Aim of the task:
Make a verbatim copy of all the records. Skip every image.

Listed records:
*** Block opens ***
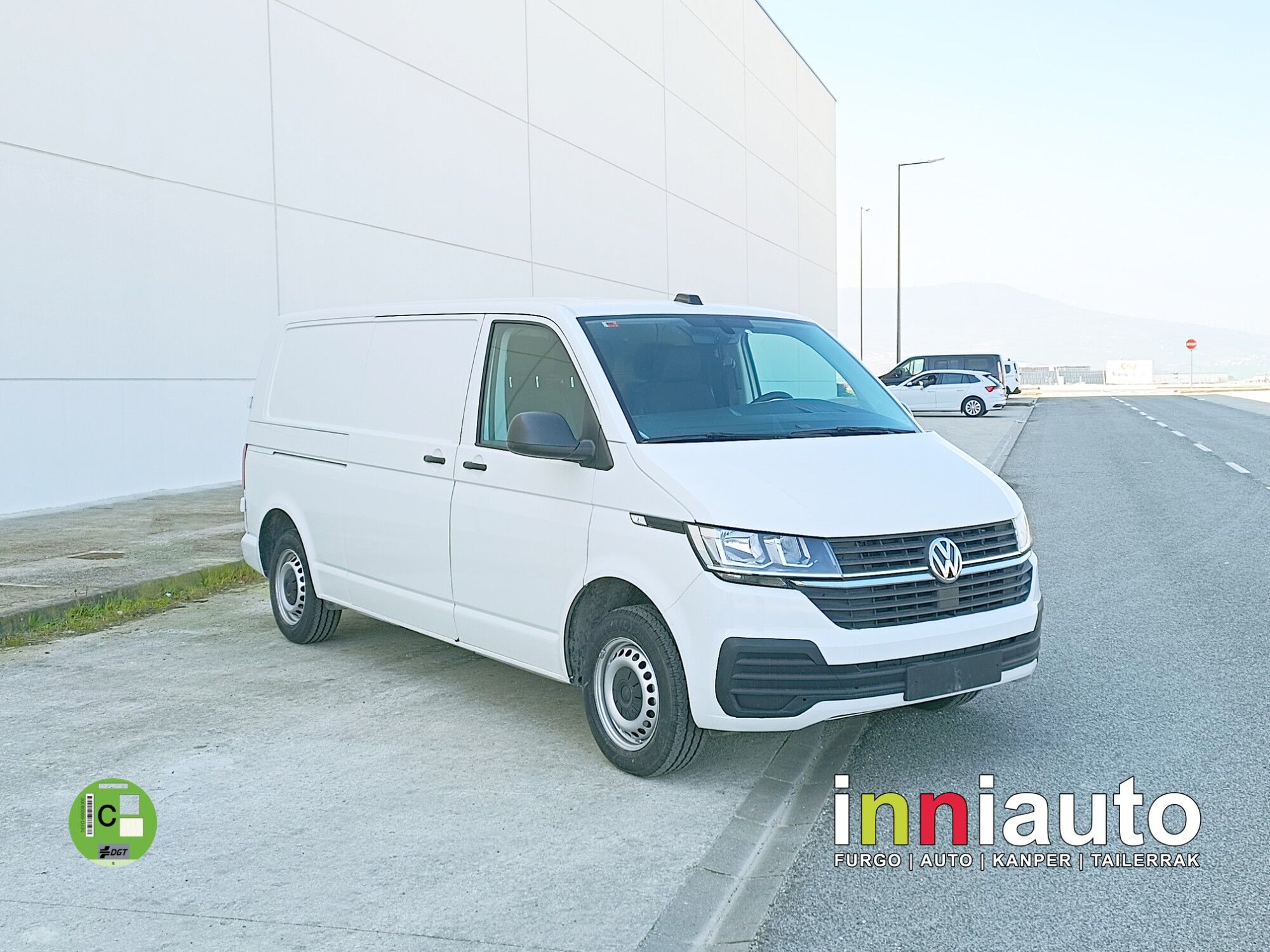 Foto del VOLKSWAGEN Transporter Furgón 2.0TDI SCR BMT Largo 110kW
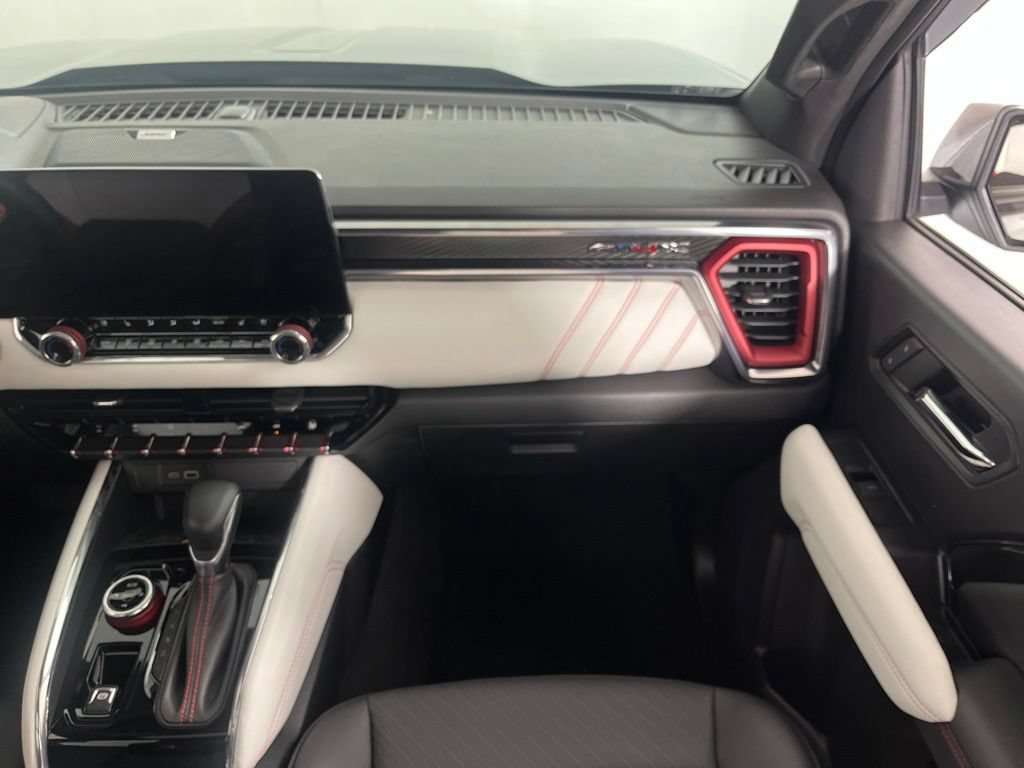 Certified 2024 GMC Canyon AT4X AWD/4WD image 19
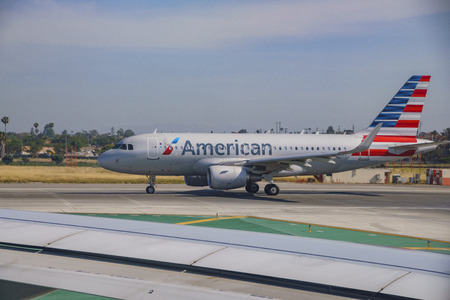Los Angeles, MAY 3: American Airline at the famous and busy airport on MAY 3, 2017 at Los Angeles, Californiaのeditorial素材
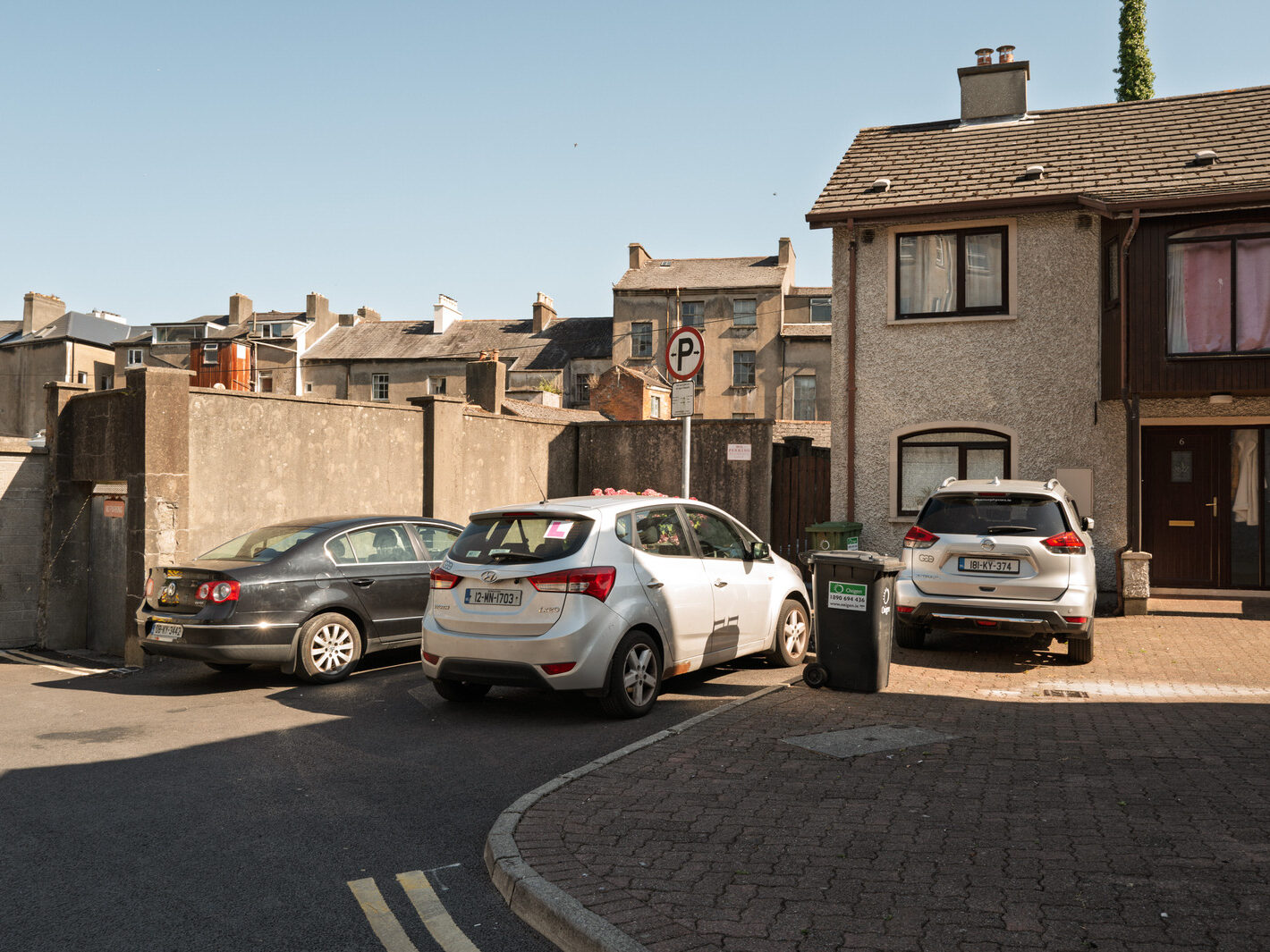 I USED A LEICA Q3 TO RANDOMLY PHOTOGRAPH WATERFORD CITY IN AUGUST 2026-274721
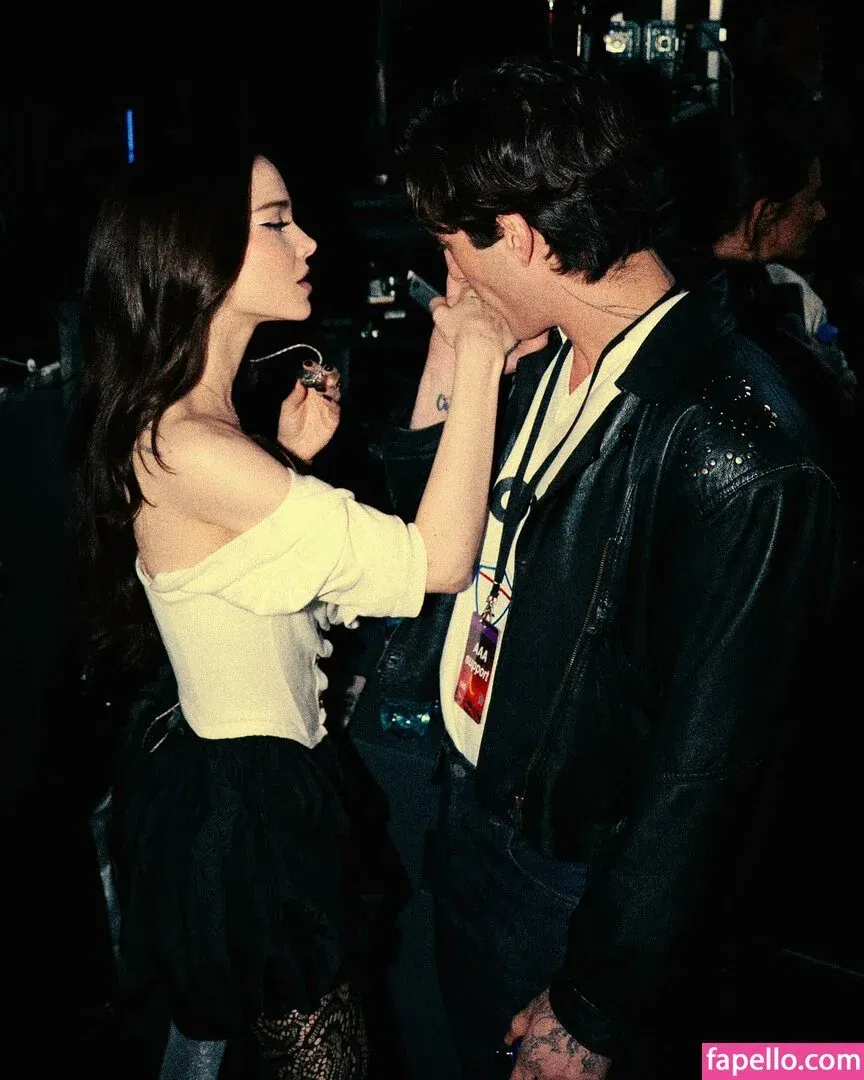 Dove Cameron Onlyfans Photo Gallery 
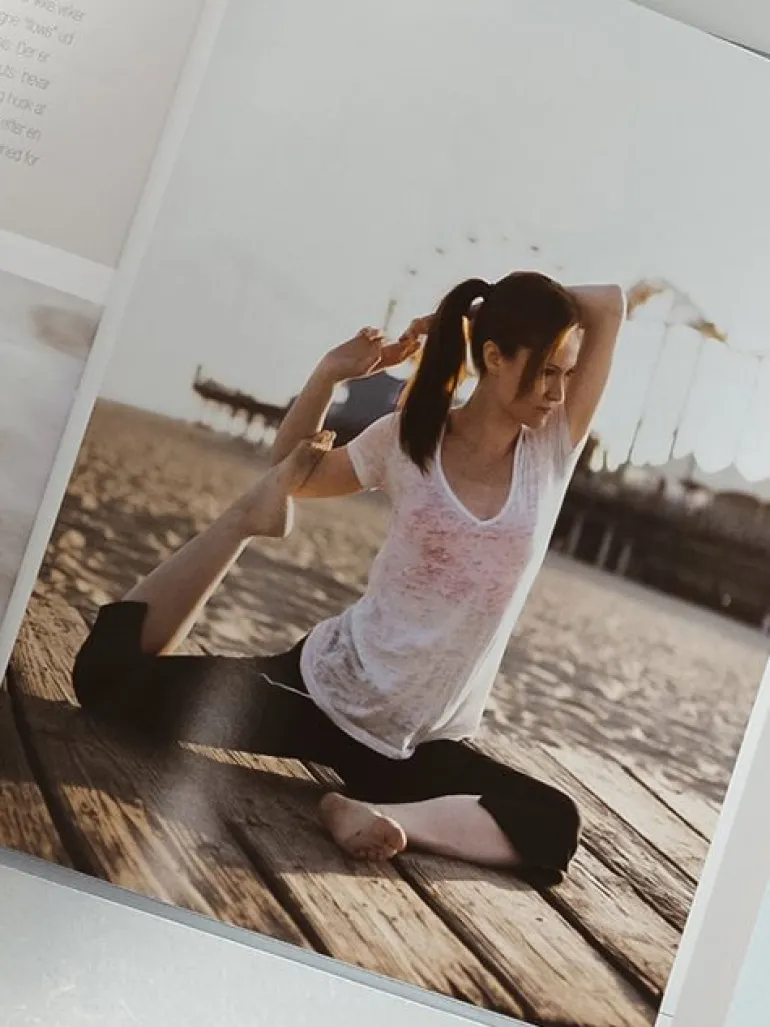Yogabog med hjemmeøvelser step by step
*** Block closes ***
Result of the exercise:
 Foto del VOLKSWAGEN Transporter Furgón 2.0TDI SCR BMT Largo 110kW
 Certified 2024 GMC Canyon AT4X AWD/4WD image 19
Los Angeles, MAY 3: American Airline at the famous and busy airport on MAY 3, 2017 at Los Angeles, Californiaのeditorial素材
 I USED A LEICA Q3 TO RANDOMLY PHOTOGRAPH WATERFORD CITY IN AUGUST 2026-274721
 Dove Cameron Onlyfans Photo Gallery 
Yogabog med hjemmeøvelser step by step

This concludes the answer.